- WORK ORDER:
What you give back should be exactly the lines from the one with "1064 nm 2W infrared" through the final line of the material, pictures removed; please add nothing.

- DATA EXTRACT:
****

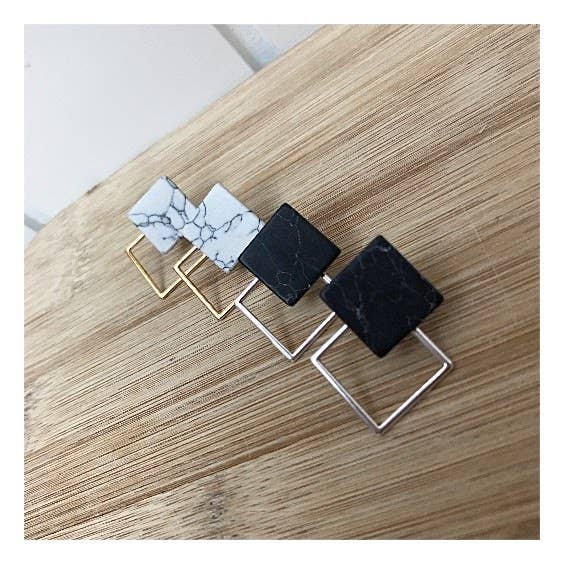 Orecchini - Wholesale Dangle Earrings - Earrings Doppingo1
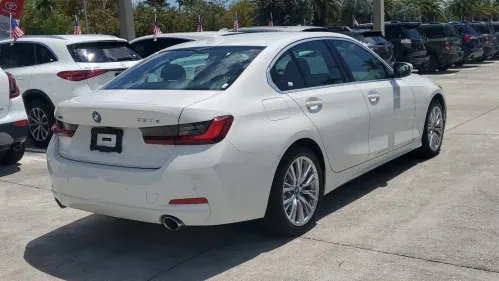 2024 BMW 3 Series 3MW39FS00R8D91962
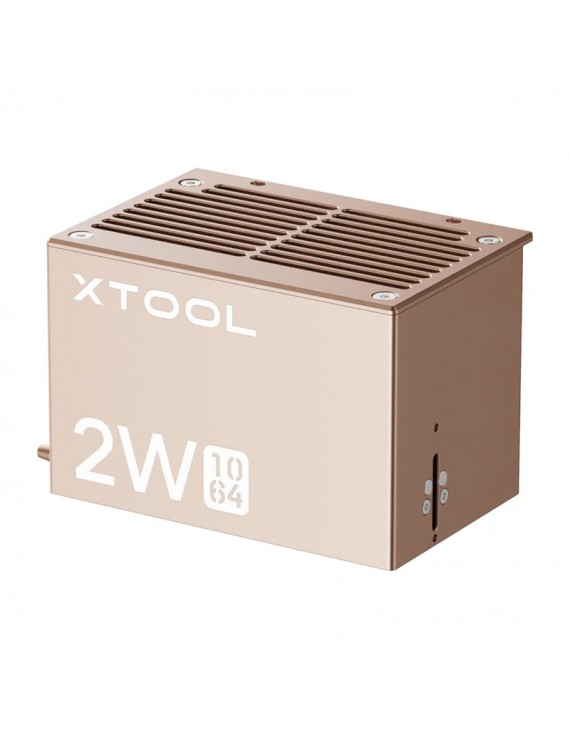 1064 nm 2W infrared laser module for the xTool S1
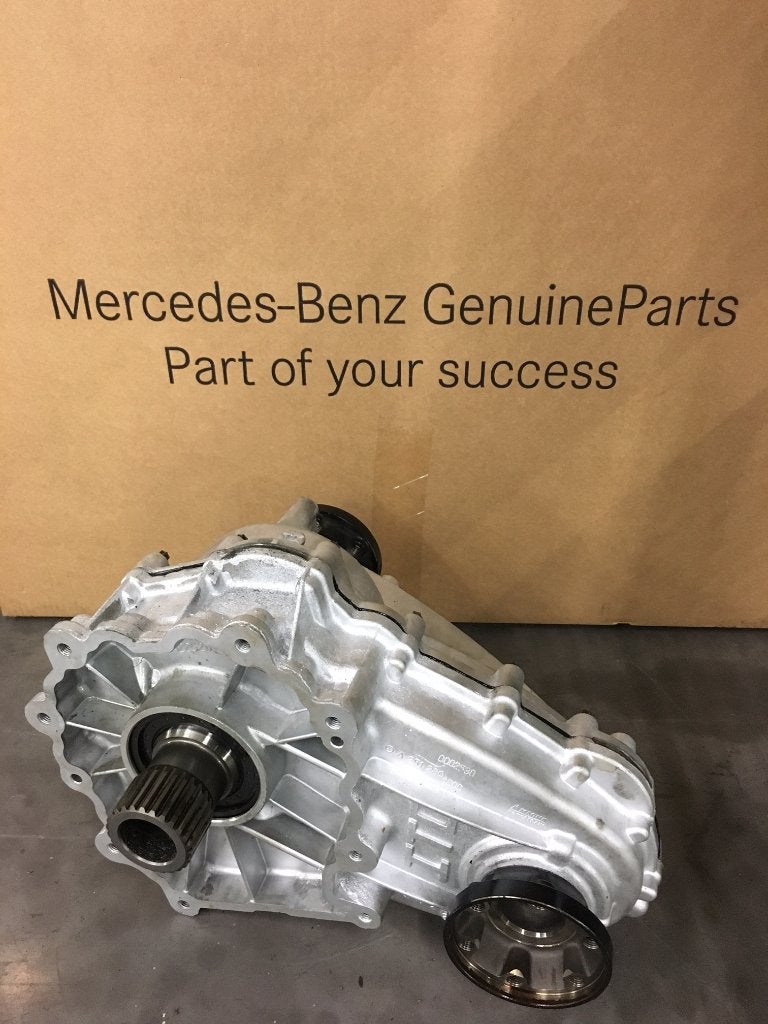 Tussenbak Mercedes ML GLE W166 na 2012 gereviseerd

****

- WRITTEN ANSWER:
 1064 nm 2W infrared laser module for the xTool S1
 Tussenbak Mercedes ML GLE W166 na 2012 gereviseerd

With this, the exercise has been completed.